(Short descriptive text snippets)

********

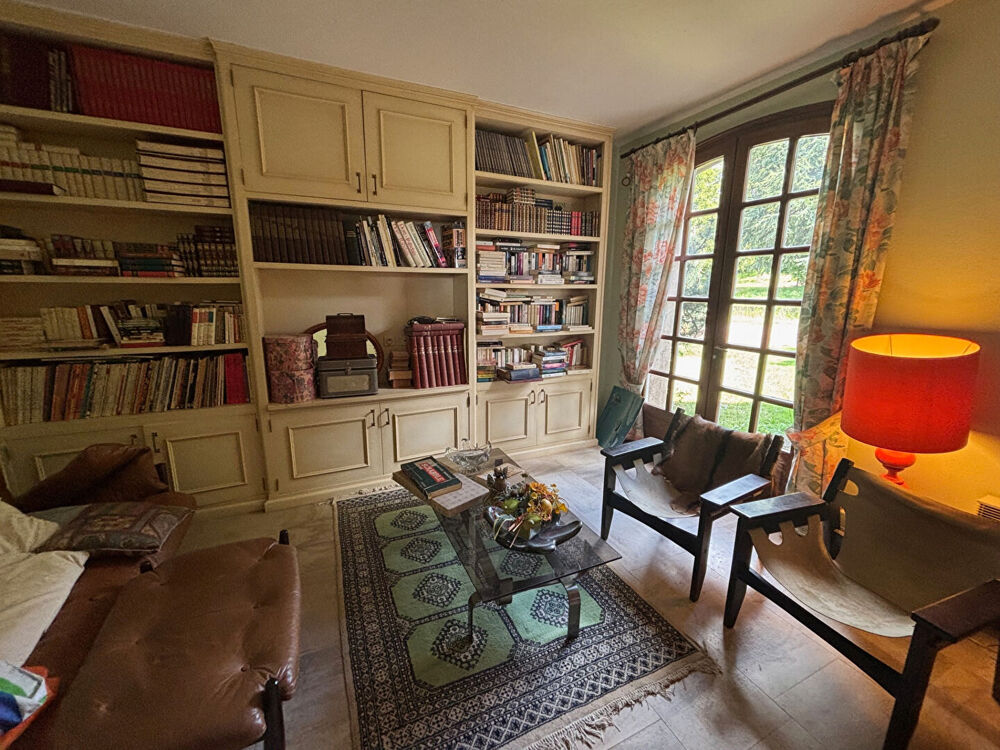 Vente Maison Maison Roche La Moliere 9 pièce(s) 235 m2 Roche-la-molière
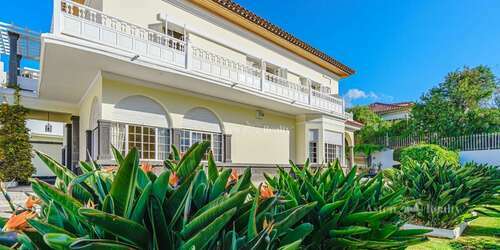 8 Bedroom Villa - Santa Cruz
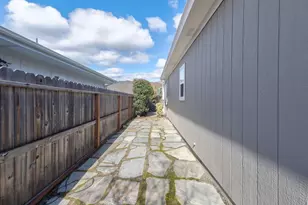 1868 SW Abilene Way, Grants Pass, OR 97526 - Photo 37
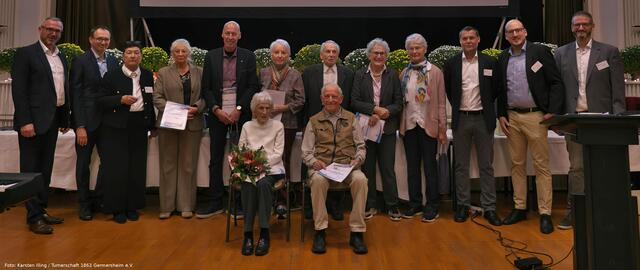 Geehrt für 60 bis 90 Jahre Vereinsmitgliedschaft --- vorne vlnr: Wiltrud Doll und Walter Brandenburger, seit 90 Jahren Mitglied im Verein | Foto: Foto: Karsten Illing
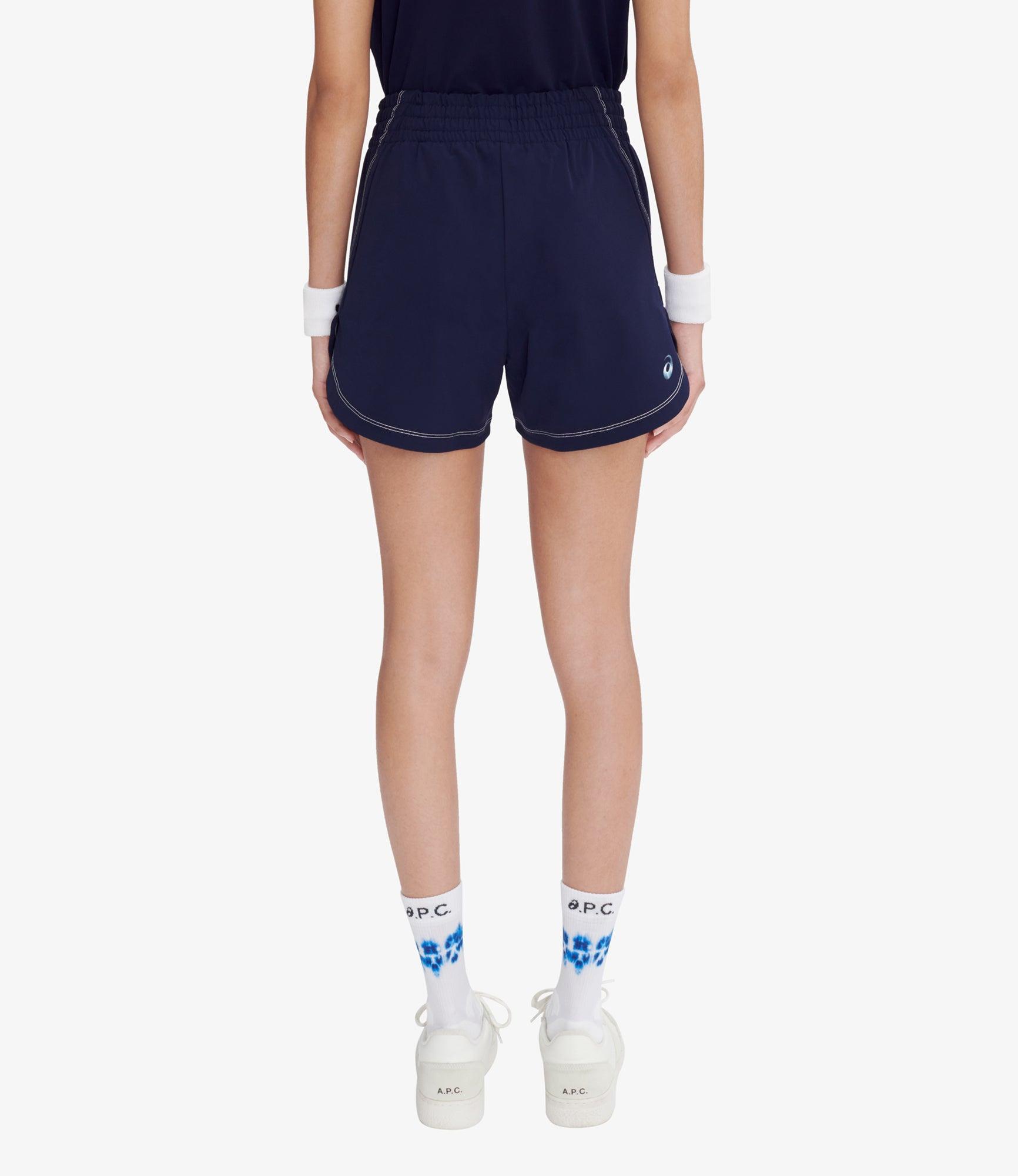 On Court 2 In 1 Shorts Female Product Image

********

TRY IT — Pictures should not appear in the copy. Write out exactly the lines above from the first one through the line that contains "1868 SW Abilene".

YOUR SOLUTION —
 Vente Maison Maison Roche La Moliere 9 pièce(s) 235 m2 Roche-la-molière
 8 Bedroom Villa - Santa Cruz
 1868 SW Abilene Way, Grants Pass, OR 97526 - Photo 37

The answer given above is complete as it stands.